Garrison's amber eyes lit up when he saw me and he grinned, bouncing clumsily in his seat in anticipation as I walked over. I shook my head as I grinned at my eleven-year-old cousin, who was taking on more and more of Uncle Charlie's good looks with each passing year: bright eyes and a warm smile. He was a living, breathing piece of the man that we'd lost, yet entirely his own person. I loved him like a brother and a son.
"I've got a few questions for you mister," Louise teased as I squeaked into the wooden chair. She stared at me, the whites of her eyes taking a peek as well, apparently hoping that I'd learned how to read minds this weekend.
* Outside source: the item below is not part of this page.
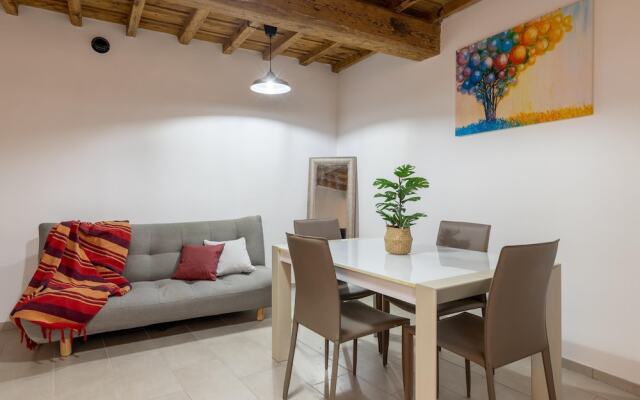 Leyla s Flat in Pratolino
I raised my eyebrows at her, clenching my jaw slightly.
Louise, I love you, but I wish that you'd mind your business this time.
"I don't mind that you were late, and I don't mind that you reek of weed and clearly need a shower." She spoke slowly and Garrison looked back and forth between us, confused.
"What I mind is that you haven't told your young, hip Aunt anything yet." Louise's voice fell into a joking whine and I laughed despite my frustrations.
"Okay, Aunt May," I mocked her with a Spider-Man reference.
Garrison liked that one.
"She's the old Aunt May in the Tobey Maguire movies!" He dogpiled on, lopsided grin on his face and gripping the edge of the table with both hands. Louise smacked his shoulder playfully.
I held up my menu for her, pointing at a particularly lewd Grandma picture involving two watermelons, and nodded.
Garrison liked that one too and giggled into the straw of his soda. Bubbling.
In actuality, Louise was far from an old lady. She didn't hit like an old lady, either. She smacked the menu from my hand, its filmy plastic cover flopping open onto the tablecloth. She shot me a look. A warning.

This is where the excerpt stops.